I'm asking FNW to go ahead and delete all the current Wikki accounts , so we can just start over. I figure the ones of us who are posting Wikki data can just re-make their same account. I think this will be best, but if anyone doesn't think this is a good idea, please post now. If FNW agrees, I'll make a related anouncement.

101 Thumbs up....

LOL Bad day of month. Server is EDT, so try tomorrow (:

Today IS the 28th =P


$today = getdate(time());
$show_date = $today['mday'];

$show_date will return the day of the month =)

FNW is going for the spam-bots and not deleting the user base, 144 already deleted. If you see more active spam bots, make a list and post here.

Those who are repairing Wikki: make sure you know how to revert pages to previous versions - Edit the page and delete the spam, is not quite the right way to do it.
All original history is still there, just not visible ;
Click on the date thing to the right of "page history" at the bottom and then click on the dated link on the history list you can re-edit and re-save the older revision. Also, In your user options, you can edit the "page revision list limit", then you can always get back to pre-spam data.

Most of the above is quoted from conversation with FNW on IRC tonite.

Thanks for your help!

On the "page revision list limit", its default is 20 in my settings. What setting would be best? Also, is it ok to get to the history by just clicking on the history link next to a page on recent changes list?

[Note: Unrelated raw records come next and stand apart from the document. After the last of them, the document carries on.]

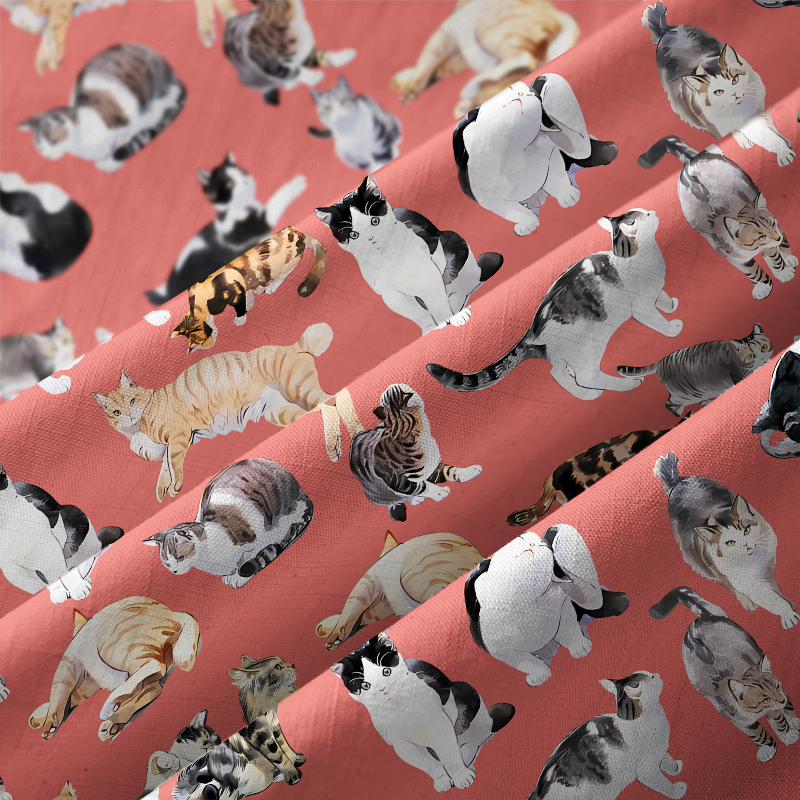 Tokyo-Tiger Cats Collection Button-up Shirt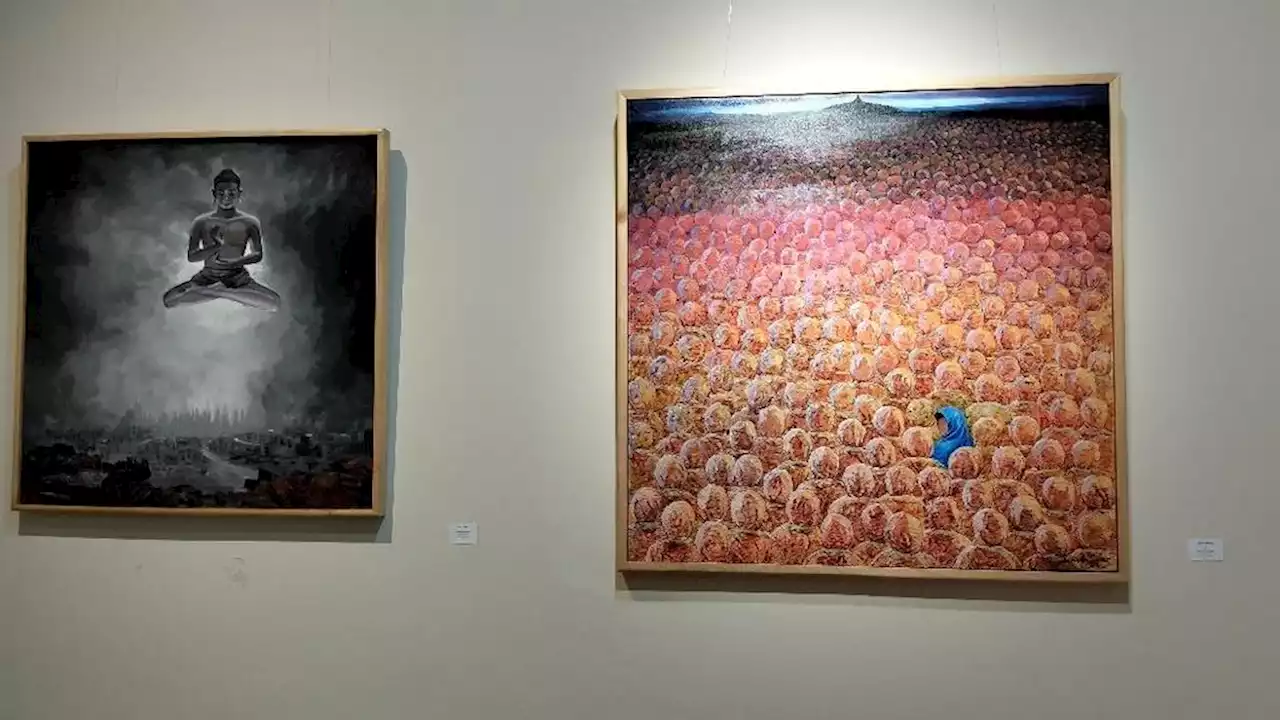 Pameran Lukisan Expression di Magelang, Kolaborasi Rasa dalam Goresan Warna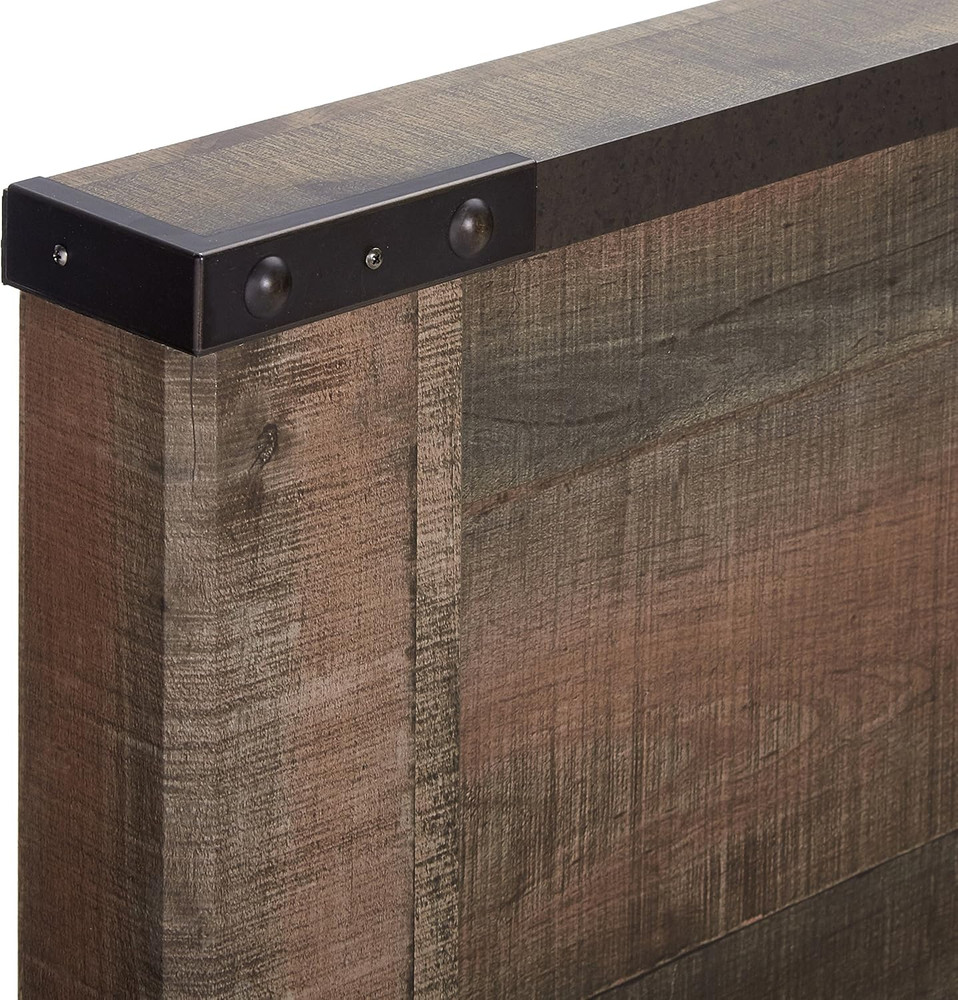 Warm Brown Rustic Queen Panel Headboard - Trinell Collection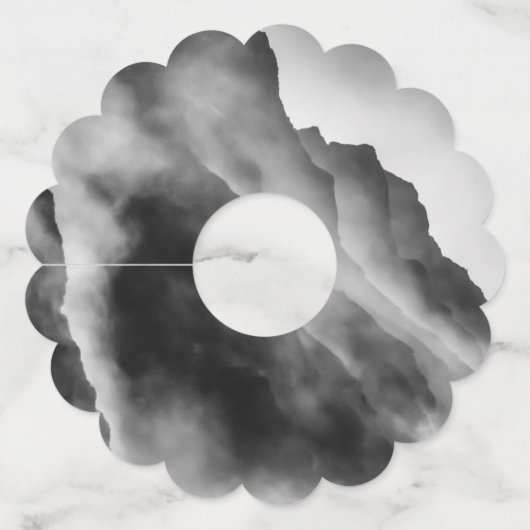 Steen op de stenen wijnglaslabel (Achterkant)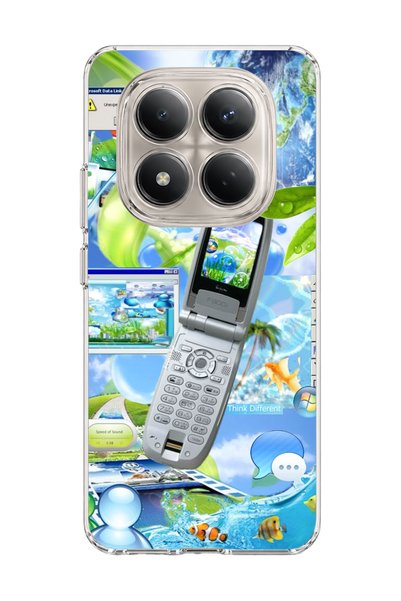 lelia Redmi Note 15 Pro 4g / 5g Compatible Flip Phone Nature Printed Transpar...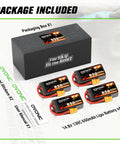 4S 650mAh LiPo Battery 14.8V 130C With XT60 Plug For RC Cars Trucks Boats Drones Planes Quadcopters FPV Racing 4 Pack Batteries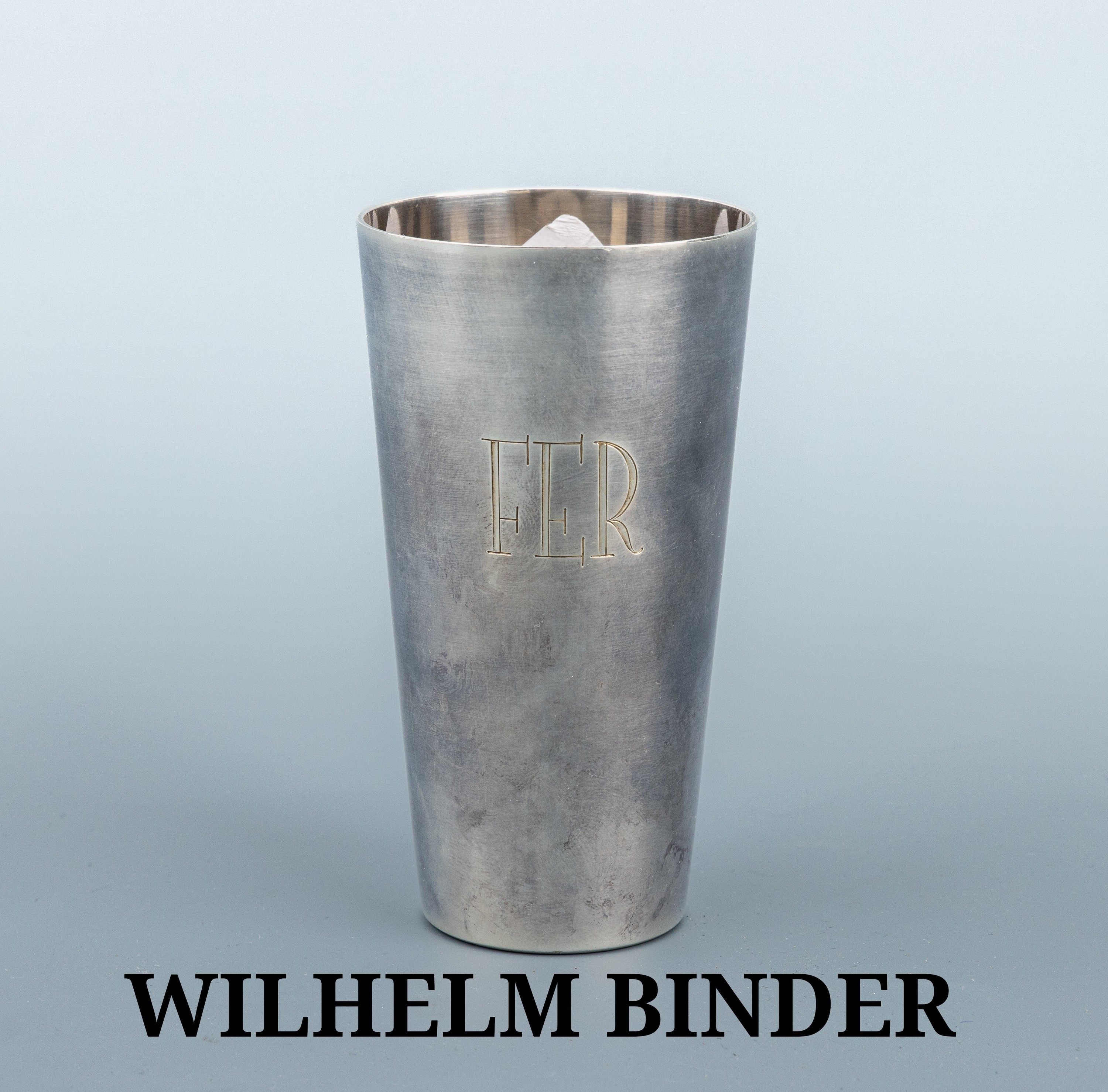 Image 27123664 - Becher, deutsch, 1930er-50er Jahre, 835er Silber, schlichte konische Form, Monogramm ...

I understand the reasoning behind using the history to get rid of the spam but I'm on dialup. It takes a long time for the history to load so I won't be able to clean the wiki up in one session like I was doing. I'll just have to do it bit by bit as time permits. :)

Cool! Some others are editing too so this will be done in no time! :)

I just peeked at the recent changes and it's looking pretty good! So is the captcha successful? :)

Seems ok now, at least is not that big mess we had.

Looks like its holding out =)

Knocking on wood...

The Captcha seems to be successfull, 2 full days and not ONE PIECE OF SPAM!

It is sexy =)

EDIT:

by the way, anti-captcha bots hate that bubble font I have in the captcha system ;)

I agree with you, I thought my idea was good, but yours is better. I wonder if you could make something for these forums? spam bots still make accounts, just can't post spam. I bet the database is exploding with "spambot members".

http://www.eqemulator.net/forums/showpost.php?p=138820&postcount=30

Just follow those directions for the registration page here...

under register.php find if ($do == "register") and put the if statements inside of that. I cannot see the code so I'm assuming there is an if statment asking for the do varable.